For military business analytics services
Countries worldwide invest millions of dollars in the research and development of modern technology for military applications. The increasingly intelligent and autonomous AI has become a favored choice for many. AI-equipped autonomous weapons have changed the theatre of war. Ethical questions about what a weapon is allowed to do on its own and who is accountable or takes responsibility for what it does on its own are being discussed by strategists across the world. Development and deployment of AI-enabled weapons require significant oversight, responsibility and judgment as compared to other systems because of the ethical issues involved.
An accidental or small skirmish can escalate and become a full-fledged conflict due to autonomous weapons with pre-programmed goals making decisions on their own. Malicious manipulation of AI systems in autonomous weapons can trigger a cascade of unintended actions and cause large-scale harm on the battlefield. The inhumanness of war is amplified when states that believe in using AI weapons unleash them against an adversary who does not use them and is ill-prepared for the impact. The limited understanding of what AI weapons are capable of and the lack of ability to recall a system once triggered only compound the harm.
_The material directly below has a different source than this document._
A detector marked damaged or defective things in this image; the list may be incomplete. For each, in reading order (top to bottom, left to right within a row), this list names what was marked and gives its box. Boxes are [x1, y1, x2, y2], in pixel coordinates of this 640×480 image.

AI systems cannot treat opponents with dignity, analyze context to distinguish between non-combatants and combatants, or recognize signs of surrender. Ethical regulations can restrict the use of fully autonomous AI weapons and reduce the incidence of immoral violence.
Tech companies partnering with the military of a country are governed by a code of ethics pre-dominated by the moral biases of the employees. Terrorists, geopolitical enemies, rogue nations, etc. can whip up patriotic fervor and impair the moral compass of a developer. There is significant concern about the dangers of AI-fueled arms races by rogue nations and the amassing of state-of-the-art AI weapons by dictators and terrorists.
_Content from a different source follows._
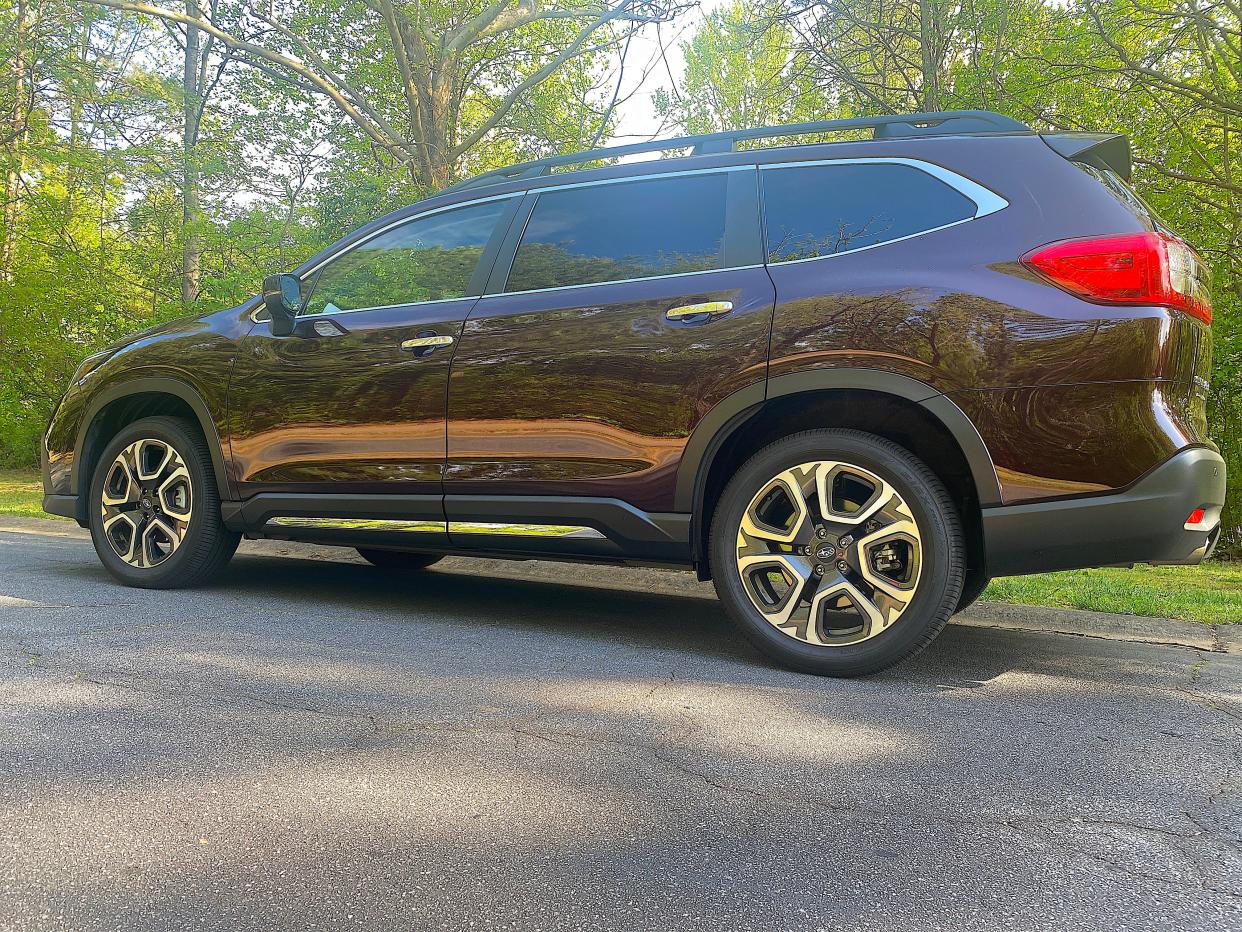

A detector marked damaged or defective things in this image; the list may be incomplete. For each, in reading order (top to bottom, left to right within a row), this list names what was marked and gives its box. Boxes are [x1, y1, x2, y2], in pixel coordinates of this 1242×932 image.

cracked pavement [2, 521, 1242, 929]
The concerns discussed above are relevant to all industries. AI implementation in software for small businesses and large organizations should take into consideration legal and ethical implications. AI tools are developed by public-private partnerships and large private technology companies. Although these companies have the resources to build the tools, they are not incentivized to adopt ethical frameworks when designing them. Even if regulations are crafted to fight bias in AI, they will have to be implemented with other AI-based systems that act as watchdogs. However, the role that technology will play in enforcing these regulations has to be studied and monitored.
AI is ethically neutral; it is the human beings who develop AI systems that input their individual biases and opinions into AI machines. Developers should be transparent about the data used and its shortcomings. The central tenet around which the development of an AI program or system revolves should be algorithmic accountability. Sufficient controls should be put in place to ensure that the algorithm performs as expected.
Ethical and legal concerns should be tackled early in the development lifecycle. Incorporating ethical analysis into the development program could reshape processes and create new costs; however, developers and decision-makers must recognize that this approach will reap tangible and rich benefits in the future.